Academic journal article Logos: A Journal of Catholic Thought and Culture

The Unselfing Activity of the Holy Spirit in the Theology of Hans Urs Von Balthasar

Academic journal article Logos: A Journal of Catholic Thought and Culture

The Unselfing Activity of the Holy Spirit in the Theology of Hans Urs Von Balthasar

Article excerpt

IN THE EXTENSIVE SECONDARY literature on the theology of Hans Urs von Balthasar, comparatively little attention has been given to his understanding of the activity of the Holy Spirit. This is to be expected, as it is the incarnate Word who forms the basis of his aesthetics, his trinitarian speculation, and his ethics, and the acts and episodes of Christ's life on which he counsels the Christian to meditate. Christ, he says, is not only the "means" of salvation, but also its "content," so that all theology, if it is to be Christian, must ultimately be speech about him.

In contrast, von Balthasar says that the Holy Spirit desires not so much to be seen as to enable seeing, to illuminate the Son. He is among those Western theologians to emphasize the Spirit's role in rendering believers attentive, a theme more commonly encountered in the East.
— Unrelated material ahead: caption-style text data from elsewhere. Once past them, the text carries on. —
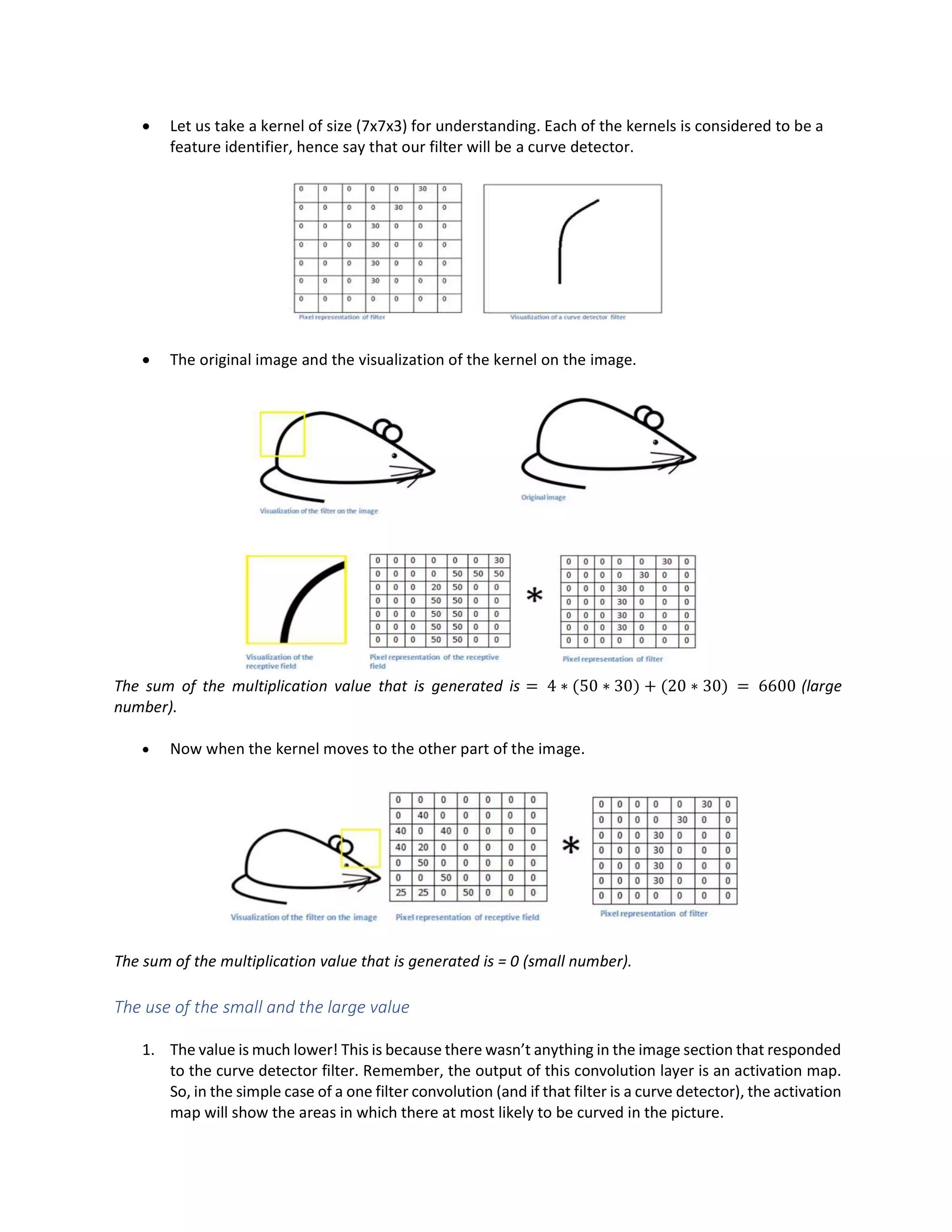 • Let us take a kernel of size (7x7x3) for understanding. Each of the kernels is considered to be a
feature identifier, hence say that our filter will be a curve detector.
• The original image and the visualization of the kernel on the image.
The sum of the multiplication value that is generated is = 4 ∗ (50 ∗ 30) + (20 ∗ 30) = 6600 (large
number).
• Now when the kernel moves to the other part of the image.
The sum of the multiplication value that is generated is = 0 (small number).
The use of the small and the large value
1. The value is much lower! This is because there wasn’t anything in the image section that responded
to the curve detector filter. Remember, the output of this convolution layer is an activation map.
So, in the simple case of a one filter convolution (and if that filter is a curve detector), the activation
map will show the areas in which there at most likely to be curved in the picture.
 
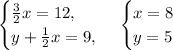 \begin{cases} \frac{3}{2} x=12,\\y+\frac{1}{2} x=9,\end{cases}\,\begin{cases}x=8\\y=5\end{cases}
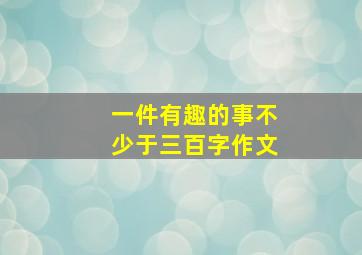 一件有趣的事不少于三百字作文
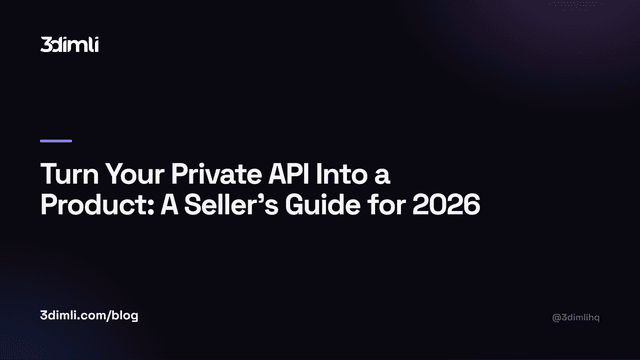 Cover Image for Turn Your Private API Into a Product: A Seller's Guide for 2026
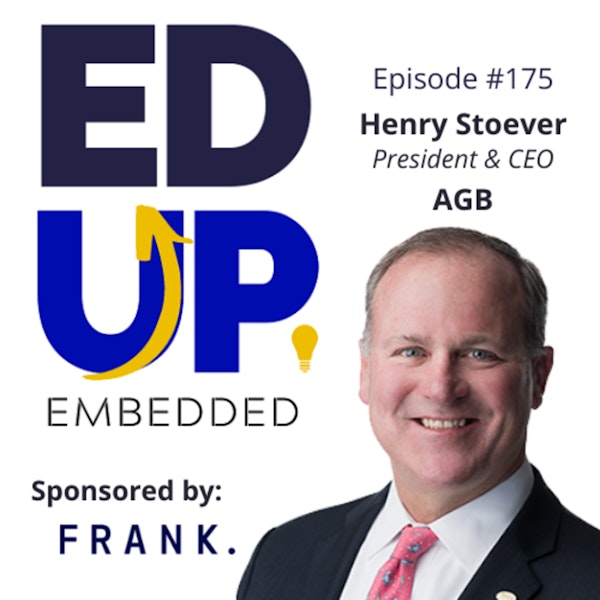 175: Trust is a Strategic Asset - with Henry Stoever, President & CEO, AGB
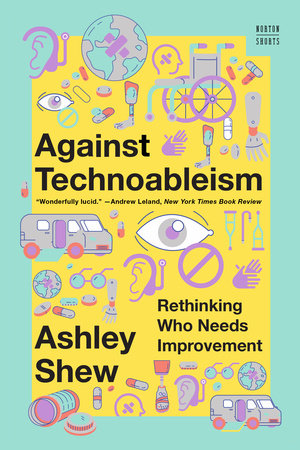 Against Technoableism Paperback by Ashley Shew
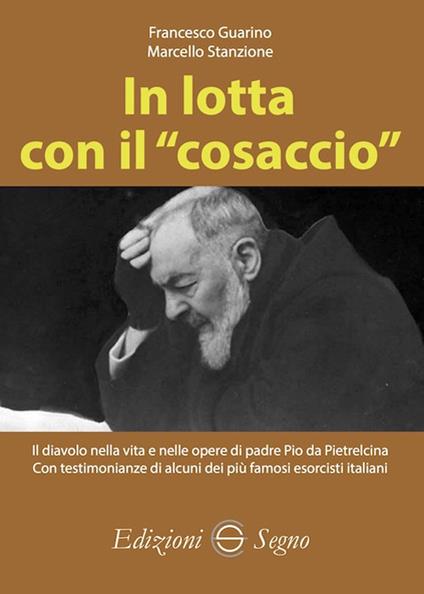 In lotta con il «cosaccio» - Francesco Guarino,Marcello Stanzione - copertina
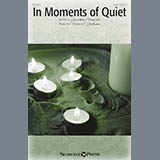 Victor C. Johnson 'In Moments Of Quiet' SATB Choir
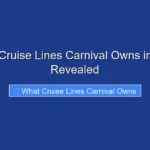 What Cruise Lines Carnival Owns in 2026 Revealed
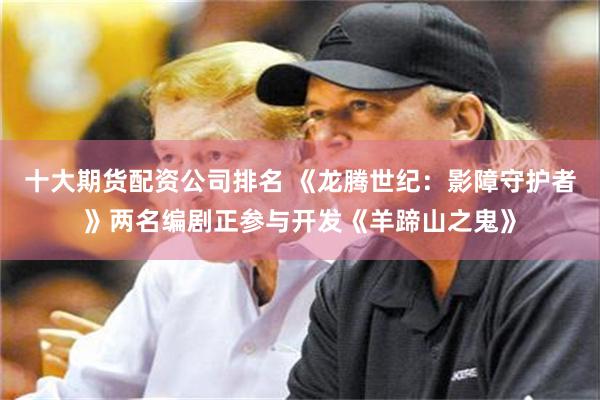 十大期货配资公司排名 《龙腾世纪：影障守护者》两名编剧正参与开发《羊蹄山之鬼》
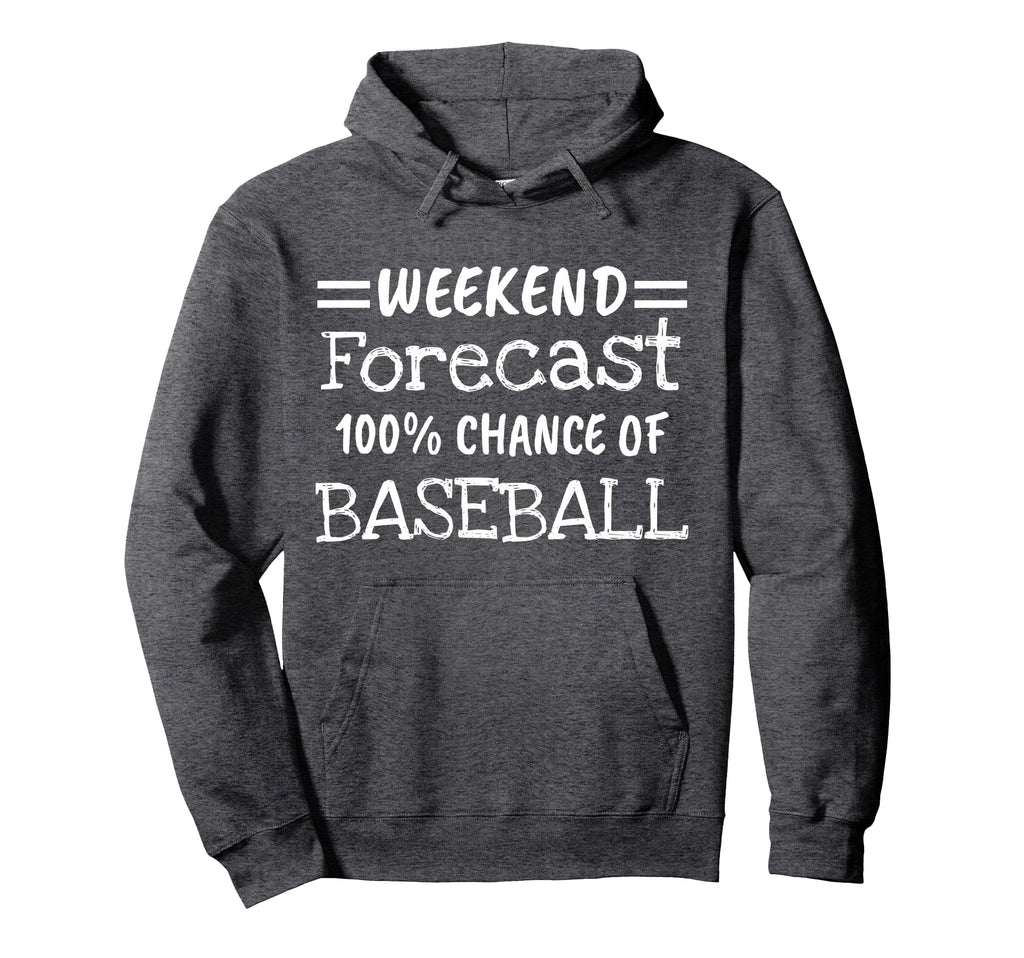 Weekend Forecast Baseball Hoodie - Minimalist Print Unisex - T-Shirt, Sweatshirt, Hoodie
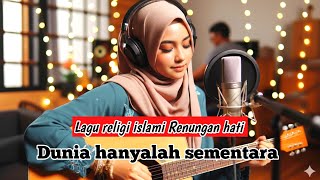 Download lagu Dunia hanyalah sementara - lagu religi islami terbaru untuk renungan hati  mp3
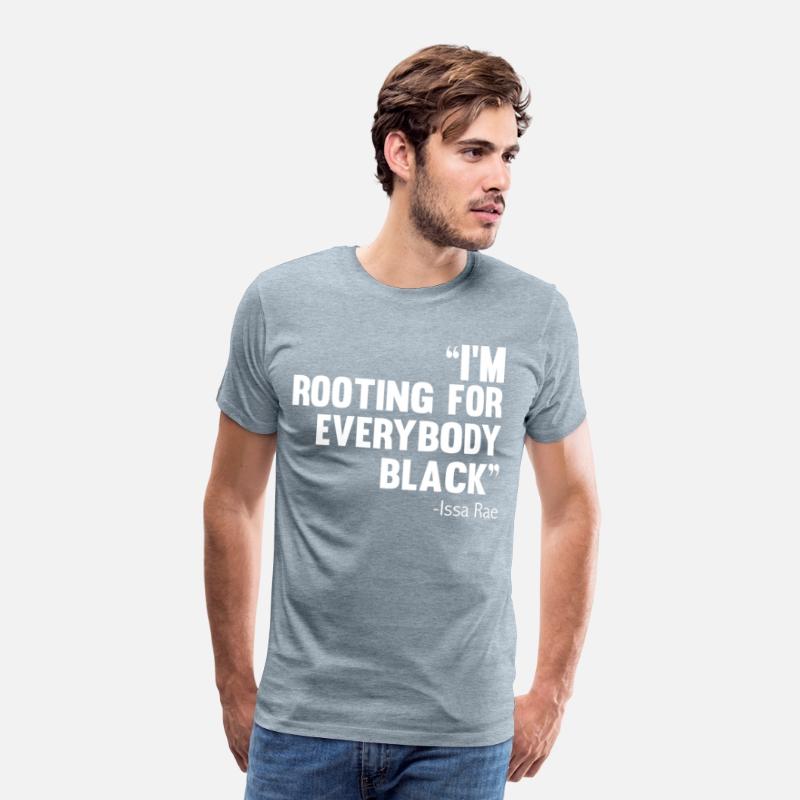 I'M ROOTING FOR EVERYBODY BLACK BLM Power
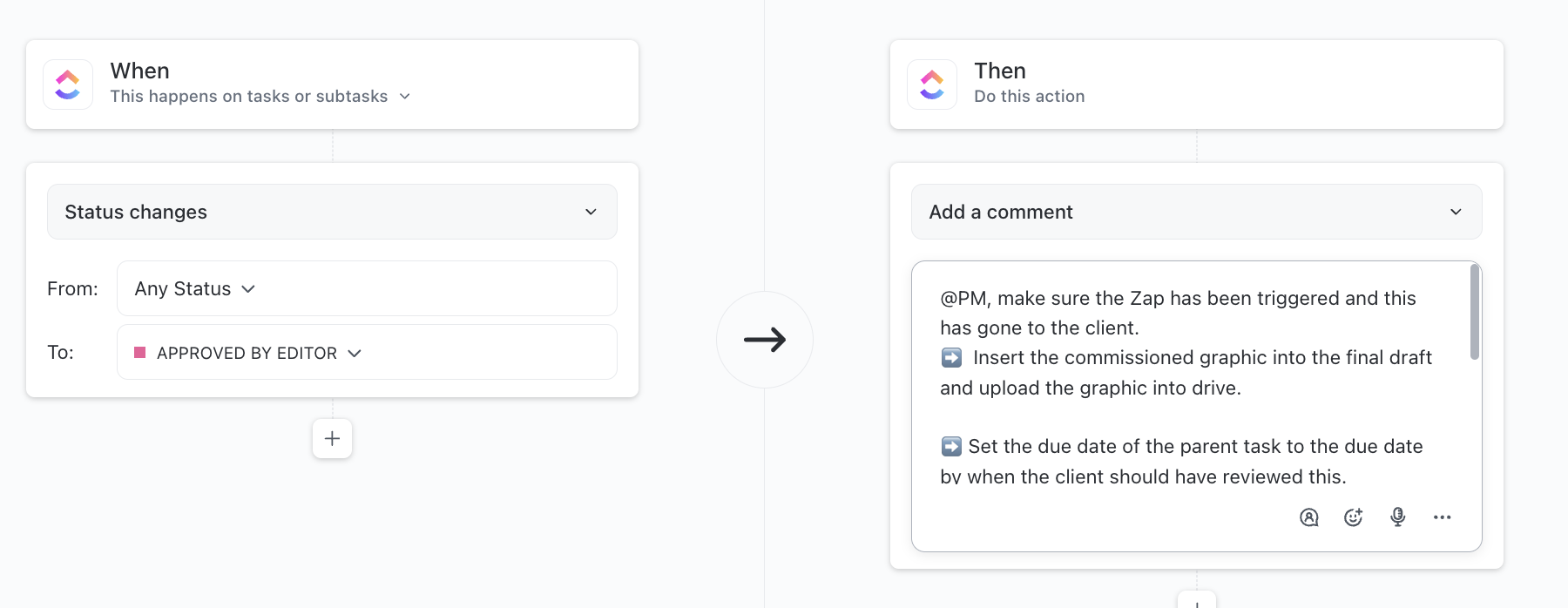 Example of an automation in a content approval workflow: When status is approved by editor, then a comment is automatically added for the Project Manager to check that this has been sent to the client. 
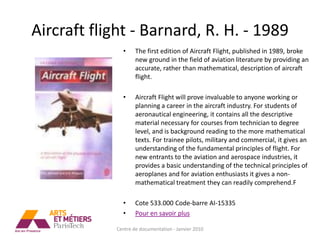 Aircraft flight - Barnard, R. H. - 1989
              •     The first edition of Aircraft Flight, published in 1989, broke
                    new ground in the field of aviation literature by providing an
                    accurate, rather than mathematical, description of aircraft
                    flight.

              •     Aircraft Flight will prove invaluable to anyone working or
                    planning a career in the aircraft industry. For students of
                    aeronautical engineering, it contains all the descriptive
                    material necessary for courses from technician to degree
                    level, and is background reading to the more mathematical
                    texts. For trainee pilots, military and commercial, it gives an
                    understanding of the fundamental principles of flight. For
                    new entrants to the aviation and aerospace industries, it
                    provides a basic understanding of the technical principles of
                    aeroplanes and for aviation enthusiasts it gives a non-
                    mathematical treatment they can readily comprehend.F

              •     Cote 533.000 Code-barre AI-15335
              •     Pour en savoir plus

            Centre de documentation - Janvier 2010
 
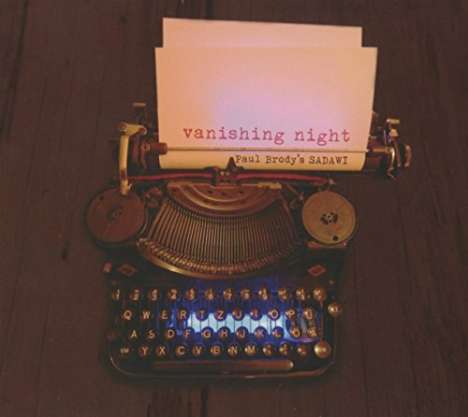 Paul Brody's Sadawi: Vanishing Night, CD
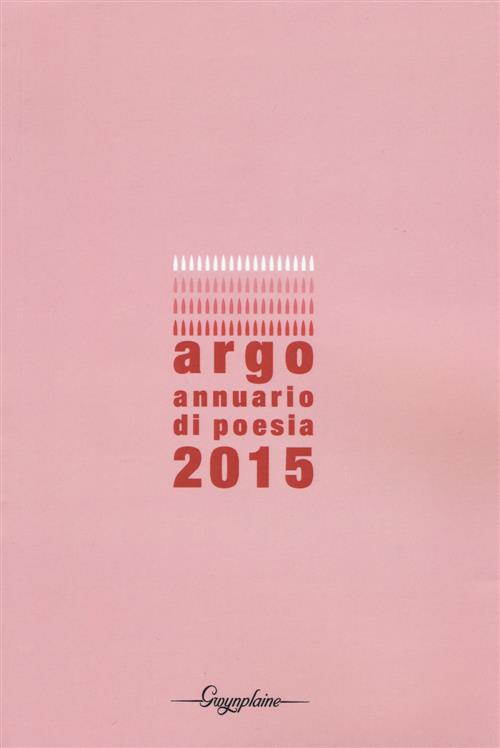 Argo. Annuario Di Poesia 2015 Gwynplaine 2015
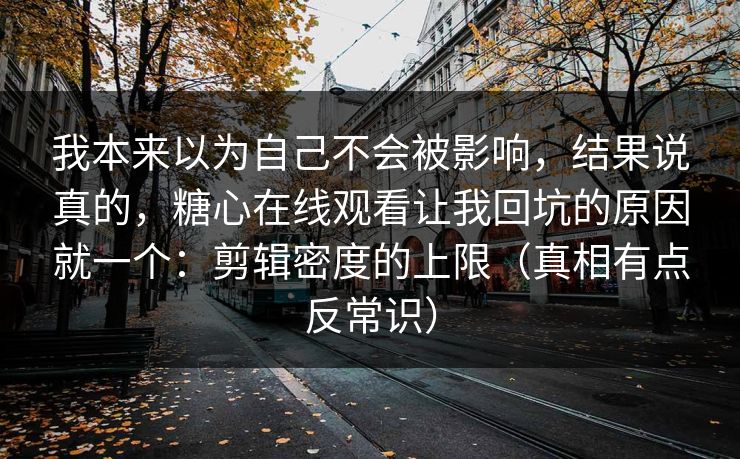我本来以为自己不会被影响，结果说真的，糖心在线观看让我回坑的原因就一个：剪辑密度的上限（真相有点反常识）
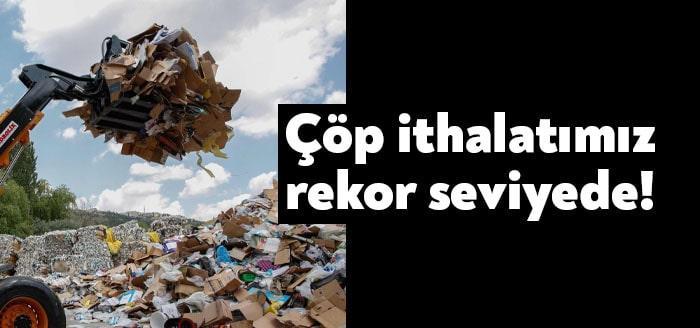 Türkiye’de son 10 yılda çöp ithalatı yüzde 7 bin 300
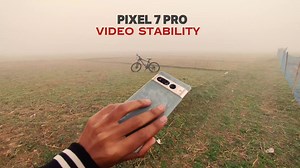 Pixel 7 Pro Video Stability Test Explained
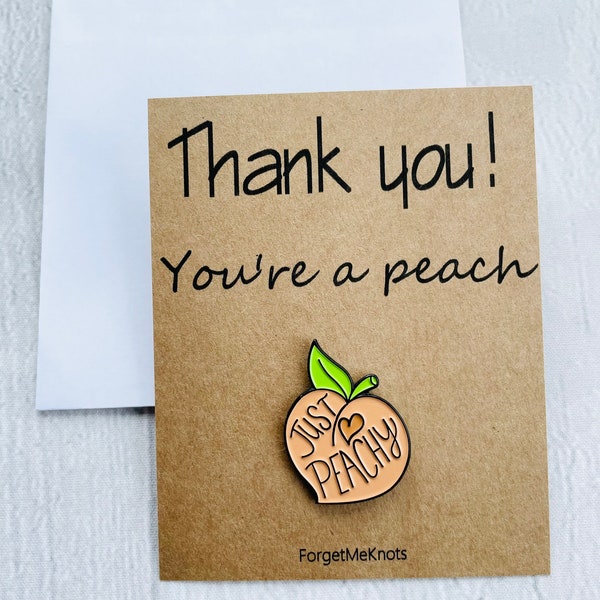 Thank you you’re a peach, peach pin badge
As he puts it,

   This Spirit is breath, not a full outline, and therefore he wishes
   only to breathe through us, not to present himself to us as an
   object; he does not wish to be seen but to be the seeing eye of
   grace in us, and he is little concerned about whether we pray to
   him, provided that we pray with him, 'Abba, Father,' provided that
   we consent to his unutterable groaning in the depths of our soul.
   He is the light that cannot be seen except upon the object that is
   lit up; and he is the love between Father and Son that has appeared
   in Jesus. (1)

The Spirit is the discloser of the mysteries of faith, according to von Balthasar, 'which are hidden from the purely human gaze but already offered in the sensible incarnation. He is such all the more since he is simultaneously present in the objective mystery on which we meditate and in the subjective depths of our own selves as the bridge that leads us over into the mystery." (2) It is through the light of the Spirit, himself "beyond all objectification," that "everything that is at all capable of being illuminated becomes clear and transparent." (3) In describing the spirit this way, von Balthasar is conscious of following in the footsteps of the Eastern Fathers of the Church, especially St. Basil.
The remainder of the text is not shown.